Do you find WILD easier than other methods? (Please state why) 
i dont

On average, how often do you successfully WILD monthly?
ive only WILDed once

Do you usually experience sleep paralysis when WILDing?
i have a hard time getting to SP

Do you prefer to WILD during a nap or during the night?
During a nap seems more attractive to me

If you have chosen during the night, how many hours do you sleep before attempting WILD?
4-6 

Out of 5, How difficult do you find WILD? (5 being the most difficult)
 4.2

 Do you combine WILD with other methods? (Please state)
VILD

Any comments?



*Dream control questionnaire*

*Spoiler* for _-_: 



On average, how long do your lucid dreams last?
15mins-1hour+


If your lucid dream began to fade, how would you reboot it? (Example: Rub my hands)
I dont rub my hands. i rub my hands all over my body and spin at the same time. if that fails. i DEILD

Out of 5, how much control do you have in your lucid dreams? (5 being the most control)
3. i dont have much control yet. i am still working on that

What will usually cause a premature awakening?
 sex, or just standing stil for more that 4 seconds

----------


## mrdeano

I am guessing they are fine as they are?

----------


## spockman

*Spoiler* for _General_: 



Which method do you prefer to use?
WBTB/VILD. If I just want to go to sleep right away, MILD.

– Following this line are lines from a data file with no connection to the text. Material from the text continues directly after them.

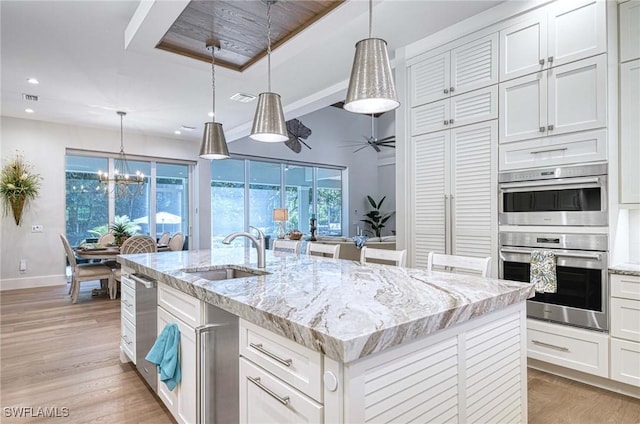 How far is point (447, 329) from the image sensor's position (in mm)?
1293

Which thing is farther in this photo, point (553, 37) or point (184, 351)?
point (553, 37)

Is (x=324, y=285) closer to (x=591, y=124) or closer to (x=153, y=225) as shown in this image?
(x=591, y=124)

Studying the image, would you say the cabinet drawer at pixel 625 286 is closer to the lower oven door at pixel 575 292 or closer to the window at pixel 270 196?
the lower oven door at pixel 575 292

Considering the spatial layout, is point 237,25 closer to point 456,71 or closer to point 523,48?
point 456,71

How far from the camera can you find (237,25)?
2664 millimetres

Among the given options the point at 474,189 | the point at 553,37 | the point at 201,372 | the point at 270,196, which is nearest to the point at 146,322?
the point at 201,372

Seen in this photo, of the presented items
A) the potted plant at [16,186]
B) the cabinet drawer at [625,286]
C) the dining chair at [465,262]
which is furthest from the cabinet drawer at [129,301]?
the potted plant at [16,186]

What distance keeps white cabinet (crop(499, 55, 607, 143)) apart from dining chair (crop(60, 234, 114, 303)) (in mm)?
5506

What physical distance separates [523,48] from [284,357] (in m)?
2.92

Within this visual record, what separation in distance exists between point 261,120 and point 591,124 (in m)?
2.24

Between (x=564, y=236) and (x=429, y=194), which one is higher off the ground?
(x=429, y=194)

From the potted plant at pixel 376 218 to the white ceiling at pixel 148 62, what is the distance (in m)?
5.62

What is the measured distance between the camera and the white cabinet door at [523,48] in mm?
2678

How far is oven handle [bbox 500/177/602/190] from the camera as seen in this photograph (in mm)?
2443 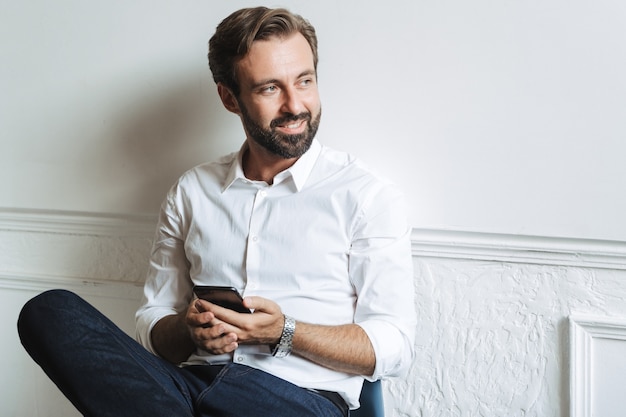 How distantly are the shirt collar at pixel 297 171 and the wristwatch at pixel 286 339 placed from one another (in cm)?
35

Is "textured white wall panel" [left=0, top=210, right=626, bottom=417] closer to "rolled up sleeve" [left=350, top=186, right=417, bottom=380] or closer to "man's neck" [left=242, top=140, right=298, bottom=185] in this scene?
"rolled up sleeve" [left=350, top=186, right=417, bottom=380]

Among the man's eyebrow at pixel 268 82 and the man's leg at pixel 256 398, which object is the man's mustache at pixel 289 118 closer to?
the man's eyebrow at pixel 268 82

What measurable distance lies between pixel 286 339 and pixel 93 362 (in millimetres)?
416

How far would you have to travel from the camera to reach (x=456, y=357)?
1901 mm

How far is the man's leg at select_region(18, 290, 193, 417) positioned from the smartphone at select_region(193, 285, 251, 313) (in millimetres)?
189

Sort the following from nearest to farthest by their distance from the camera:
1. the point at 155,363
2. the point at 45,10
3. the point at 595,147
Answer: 1. the point at 155,363
2. the point at 595,147
3. the point at 45,10

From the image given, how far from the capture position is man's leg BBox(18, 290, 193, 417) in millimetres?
1447

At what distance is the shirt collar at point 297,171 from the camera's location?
5.81 feet

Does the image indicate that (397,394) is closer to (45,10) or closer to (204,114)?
(204,114)

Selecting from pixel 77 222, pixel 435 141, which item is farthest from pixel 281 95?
pixel 77 222

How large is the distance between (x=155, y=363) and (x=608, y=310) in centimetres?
111

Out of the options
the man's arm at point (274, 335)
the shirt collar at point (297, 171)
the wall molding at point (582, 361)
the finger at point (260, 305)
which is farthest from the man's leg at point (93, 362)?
the wall molding at point (582, 361)

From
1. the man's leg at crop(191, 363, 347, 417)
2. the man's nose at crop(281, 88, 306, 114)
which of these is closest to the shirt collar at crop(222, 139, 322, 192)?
the man's nose at crop(281, 88, 306, 114)

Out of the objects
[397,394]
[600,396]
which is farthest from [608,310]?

Which method have you had the most success from?
MILD/Lately I've had alot of success from

How long have you been practicing lucid dreaming?
_Hmm. I practiced techniques when I was a child- tried it for about a year. ?Stopperd. Came here- So total? Uhh, ~2 and a half Years.~_

On average, how many lucid dreams do you have monthly?
_Oh, gosh. I can't give an average. 7-22? It's hard, since I write them in my DJ but don't keep count._

Would you find a DV book on lucid dreaming helpful?
_It would be helpful for the lucid dreaming community at large_

How much would expect to pay for the book?
_If I was a bystander, I may pay 20 bucks if it's a good sized book._

Would you buy the book if it was for sale?
_See Ninja's response._




*Spoiler* for _DILD_: 





How many times during the day do you reality check?
_Oh, I'm not sure. Maybe 0-4 times a day. Not very much. I used to RC more.
*Shrug*_

What is your signal for a reality check?
_Anything that makes me do a double take._

Do you have a dream sign? (Please state)
_Not particularly. There are a few people that show up in my dreams alot that I don't see in RL. Also, if I do something out of character for myself that can be a dream sign._

Do you find DILD easier than other methods? (Please state why)
_No, just because I go through stints where I DILD every night for awhile then go through periods where I can't seem to DILD. DILDs are just too inconsistent._

On average, how often do you successfully DILD monthly?
_4-20 (There really isn't an average. Hehe.)_

Out of 5, How difficult do you find DILD? (5 being the most difficult)
_2.5_

Any other comments?
_For DILDs, I like MILDs_





*Spoiler* for _DEILD_: 



Do you find DEILD easier than other methods? (Please state why)
_Not really, when I wake up I am out of it for maybe a minute or so._


On average, how often do you successfully DEILD monthly?
_I may try it once in a month. Maybe twice. Like I said, I used to try it alot more._

Do you use DEILD to chain lucid dreams?
_I used to use these types of techniques, but now I can generally keep myself in my lucids about as long as I want to do stuff. So I don't find it necessary._

If so, what is the most you have chained in one night?
_A few. Maybe 4, maybe only 3. Never was to great at remembering to DEILD before I moved around._


Do you find it hard to remember the previous dream when you DEILD?
Upon initially awakening, often. But as I DJ one dream, the other dream _rushes back to me and I remember the feeling vividly. So not really._ 


Out of 5, How difficult do you find DEILD? (5 being the most difficult)
_3_

Any other comments?
_Naw_






*Spoiler* for _WILD_: 



Do you find WILD easier than other methods? (Please state why) _No, I haven't been able to even achieve a one hundred percent orthodox WILD._


On average, how often do you successfully WILD monthly?
_Depends. I've only ever done an ordinary WILD once and that wasn't fair. However, if VILDs count, then quite a few._

Do you usually experience sleep paralysis when WILDing?
_Nope._

Do you prefer to WILD during a nap or during the night?
_Generally the night. Thouhg I've attempted nap WILDs many times._

If you have chosen during the night, how many hours do you sleep before attempting WILD?
_5_

Out of 5, How difficult do you find WILD? (5 being the most difficult)
_5_

Do you combine WILD with other methods? (Please state)
_Does VILD count?_

Any comments?
_VILDs have a decent challenge, but I can do them when I want. I cannot do normal WILDs at will_.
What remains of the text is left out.